Le refus d’une école publique d’inscrire la jeune fille au début des années 1950, avait débouché sur un arrêt mettant fin à la ségrégation raciale scolaire.

Linda Brown, une Noire américaine dont le refus d’inscription par une école publique du Kansas a débouché en 1954 sur l’interdiction de la ségrégation raciale dans les écoles des États-Unis, est morte à 76 ans, a confirmé lundi 26 mars un porte-parole de la chapelle de Topeka (Kansas), qui organise ses funérailles, cité par le New York Times (en anglais).

« Linda Brown fait partie de ces jeunes gens héroïques qui, avec sa famille, se sont courageusement battus pour mettre fin au symbole ultime de la suprématie blanche – la ségrégation raciale dans les écoles publiques », a écrit dans un communiqué Sherrilyn Ifill, directrice de la branche juridique de la NAACP, organisation fondée en 1909 pour défendre la cause des Noirs.

« Un loi phare du mouvement des droits civiques »

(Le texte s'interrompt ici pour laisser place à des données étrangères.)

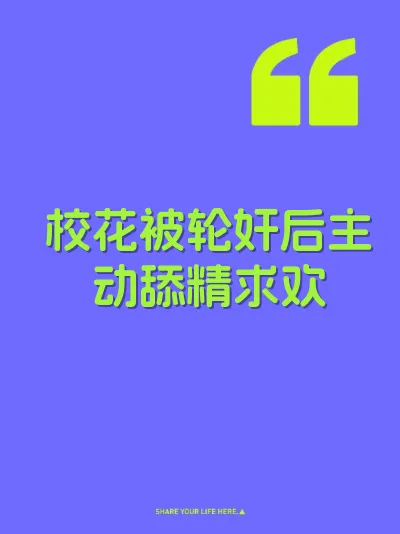 校花被轮奸后主动舔精求欢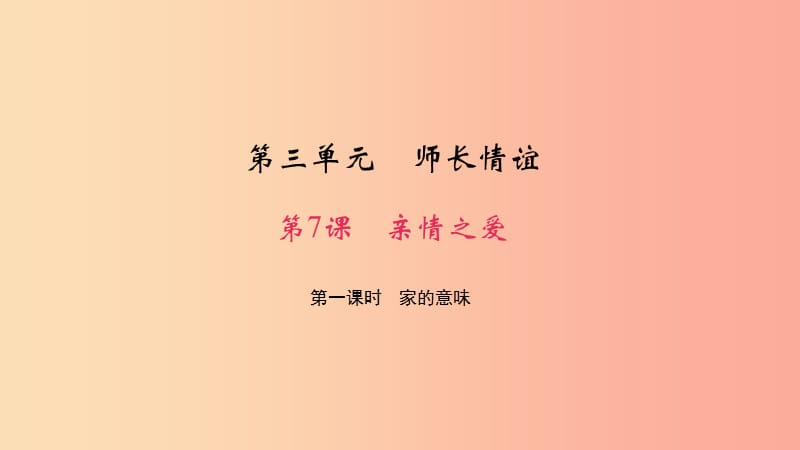 七年级道德与法治上册 第三单元 师长情谊 第七课 亲情之爱 第一课时 家的意味习题课件 新人教版.ppt_第1页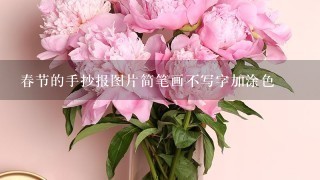 春节的手抄报图片简笔画不写字加涂色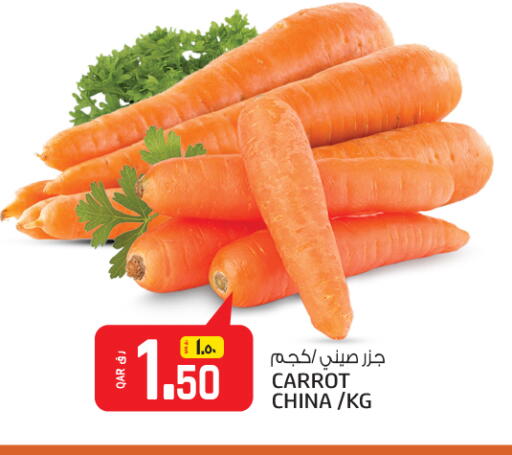 Carrot from China available at Saudia Hypermarket in Qatar - Umm Salal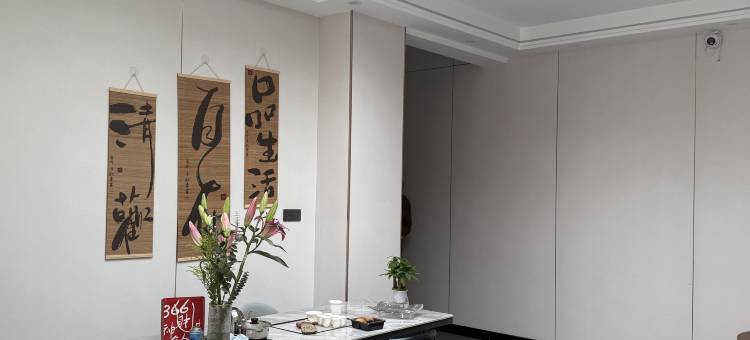 香格里拉半隐民宿(独克宗古城店)图片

En 1951, Oliver Brown, qui résidait à Topeka, avait voulu inscrire sa fille de 9 ans dans une école proche du domicile familial, réservée aux Blancs. La petite Linda avait été refusée au prétexte qu’elle était noire et l’écolière avait été forcée d’aller en classe dans une école noire nettement plus éloignée. A l’époque, la plupart des Etats du Sud avaient la possibilité de séparer ainsi les élèves noirs et blancs. Le père de Linda Brown avait alors contesté en justice, dans une plainte en nom collectif, cette loi du Kansas qui autorisait les villes de plus de 15 000 habitants à établir des écoles séparées.

Cette longue procédure a été soutenue et portée par la NAACP et s’est conclue par l’une de ses victoires les plus emblématiques, également une date phare du mouvement des droits civiques : le 17 mai 1954, la Cour suprême des États-Unis a jugé à l’unanimité que cette ségrégation scolaire était contraire à la Constitution. Cet arrêt historique est connu sous le nom de « Brown v. Board of Education » (Brown contre le Bureau de l’éducation de Topeka). Sherrilyn Ifill, de la NAACP, l’a qualifiée de « décision de la Cour suprême la plus importante du XXe siècle ».